The progress of these two startups leads me to believe we’re less than a year or two away from truly lightweight, easy to use, free of cost, DIY database building systems, and an open source one not too long after that.

The increasing accessibility of database technology has a lot of implications. The most obvious one is that it will enable people to build their own information management systems for common use cases like contact directories, CRM systems and other applications that just can’t be done with existing spreadsheet technology. This will make a wide variety of solutions more accessible to people – so if you want to start or run a business, manage common information resource, or just organize personal information better, you’ll enjoy DIY databases very much.

More interesting to me is the implication that they can have for people trying to reform and democratize institutions.

If you spend time in the type of information management systems used by institutions big and small – whether it’s government agencies like the sanitation department or educational ones like high schools or universities, you’ll quickly notice that many of their most useful and critical tools are nothing more than a set of data tables (directories) and visualizations of the data contained therein (search/filterable tables, cards and maps of that data.)

Screenshot from 2016-01-20 18:19:07
Turn spreadsheets into searchable/filterable directories with Awesome-Table.

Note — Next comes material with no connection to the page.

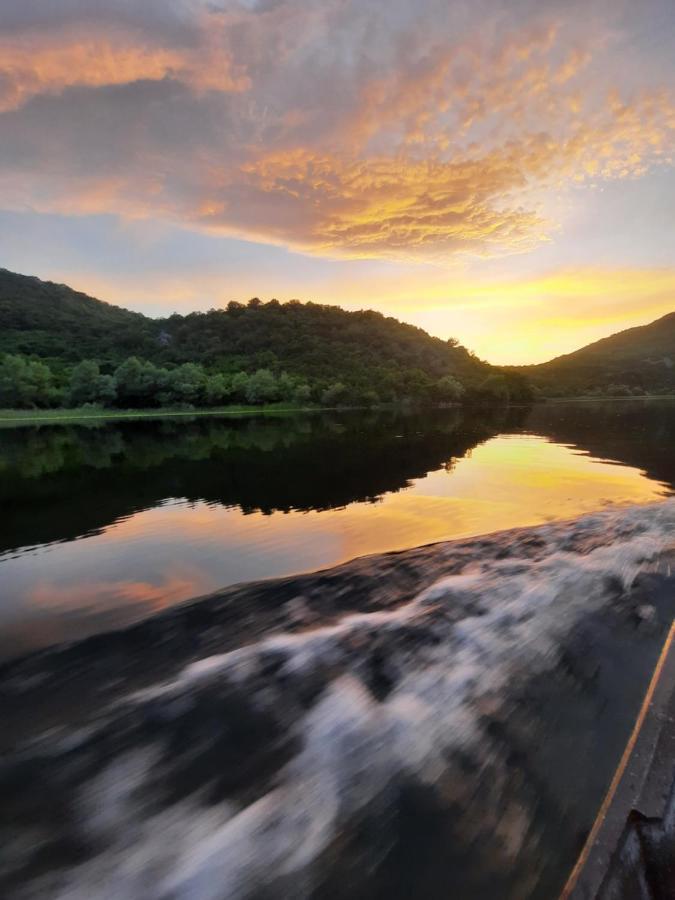 Mali Raj Apartmani Cetinje Bagian luar foto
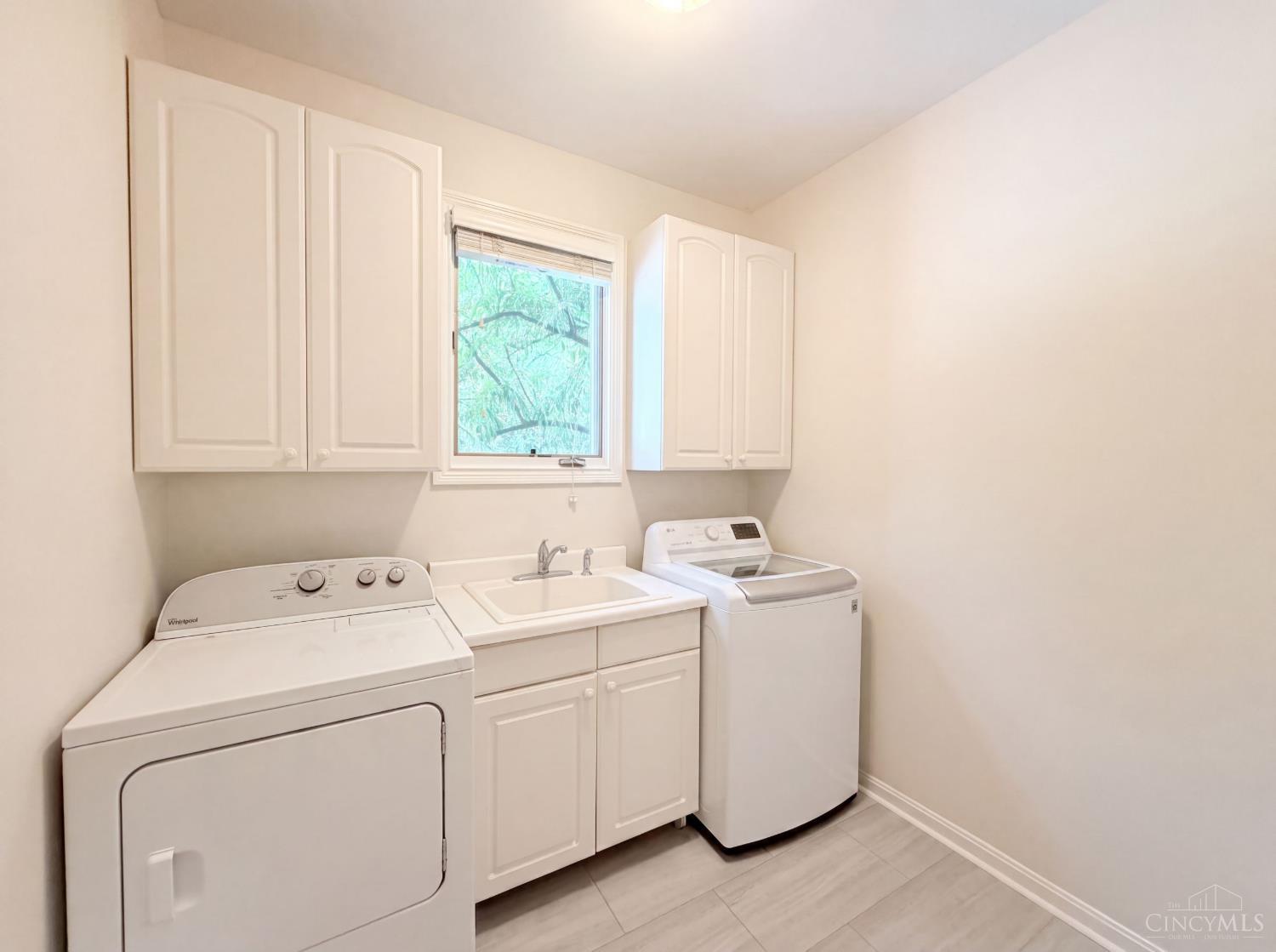 6667 Miami Woods Drive Property Photo 18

These very rudimentary but widely used internal software systems not only define the information people within that institution can access and share, but also limits them to very specific workflows that are implicitly or explicitly defined in the software. Since workflows define the work people actually do, the people who control the workflow are also people who control the workers.

If you want to change how an institution does things, you have to be able to change its information management systems. Since current database technology requires specialized software coding skills, changing these systems often turns into a bureaucratic nightmare filled with bottlenecks. First, a specific group of pre-approved people need to agree to design and fund a change, then another specific group of people need to program and implement the change, and yet another group is often tasked with training and supporting users who then have to use the updated system. That creates a lot of potential bottlenecks: executives who don’t know a change is needed or don’t care enough to fund the work; managers who don’t want to get innovated out of a job or don’t know how to design good software; technologists who don’t have the time to implement a change or don’t have the motivation to do the job right. With all those potential bottlenecks it’s easy to see why so many well funded institutions have such crappy software and archaic workflows.

When people try to improve institutions, they are often trying to improve workflows so more can get done with less time and resources. Unfortunately, the people who actually know what changes need to be made are rarely in a position to control the architecture of the databases they use to get things done.

With DIY databases, people within institutions can circumvent all these bottlenecks simply by making superior systems themselves. This can change a lot more than simply the type of information people have access to – it allows them to explore news ways of being productive.  What they’ll inevitably discover, particularly if they’re in an institution that spends a lot of time managing information, is that they can do a better job managing information than many of their bosses.

DIY databases are enabling the type of horizontal and bottom-up innovation essential not just for better functioning institutions, but also more democratic ones. Databases are the “means of production” for many information workers. When they can build and own their own ones, they’ll be able to achieve more ownership of their own work and take another big step towards being able to manage themselves.

Of course, as technology improves and creating you own databases becomes easy, the hard part will certainly become getting peers to use them.  That’s a topic for another day.